Le samedi 15 juillet 1995


Je ne suis pas enceinte
Pierre Foglia, La Presse, Tour de France

Bollène,

Javais très envie de Bollène, qui n'est pas sur la route du Tour. Un souvenir que je ne vous raconterai pas, le voudrais-je... la mémoire est un territoire miné, on y avance vers un visage, vers un parfum et tout à coup, le noir. On y avance en des lieux extraordinairement familiers, mais la coquille est vide.

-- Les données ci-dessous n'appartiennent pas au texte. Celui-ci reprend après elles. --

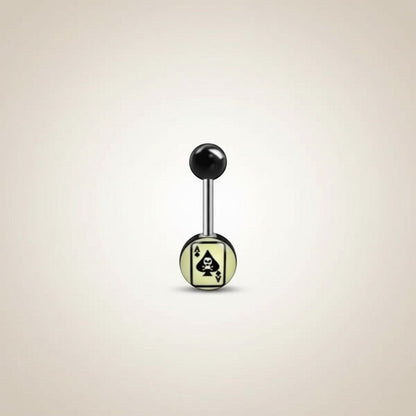 Aramat Jewels surgical steel tongue piercing with black acrylic balls and spade logo design on a light yellow background.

À la terrasse du café du Progrès, on entend les joueurs de pétanque faire claquer leurs boules sous les marronniers de l'esplanade voisine. Bollène m'est revenue d'un coup. Ses toits de tuiles rondes. Les berges du Lez et la géographie particulière de ses ruelles qui deviennent torrents quand le Lez déborde, ce qui lui arrive parfois...

Tiens, la petite ruelle, tout suite derrière, eh bien elle donne sur la rue Frédéric-Mistral qui mène à la Place de la Mairie où j'allais prendre ma douche il y a, mon Dieu que c'est loin, il y aura bientôt quarante ans. Les bains-douches municipaux ! C'était au temps où la France se lavait une fois par semaine. Moi c'était le jeudi.

Je le ne croyais pas : ils sont toujours là, face à la mairie. Les bains-douches municipaux de Bollène. Pimpante illustration de l'hygiène républicaine. Trois francs. Maximum 20 minutes. « Il est strictement interdit de fumer, de cracher, de se moucher dans la douche ». Et cet encadré vengeur : « Celui qui a fait ses besoins dans la douche des handicapés a été reconnu. Il sera puni de douche. Signé, La Direction ».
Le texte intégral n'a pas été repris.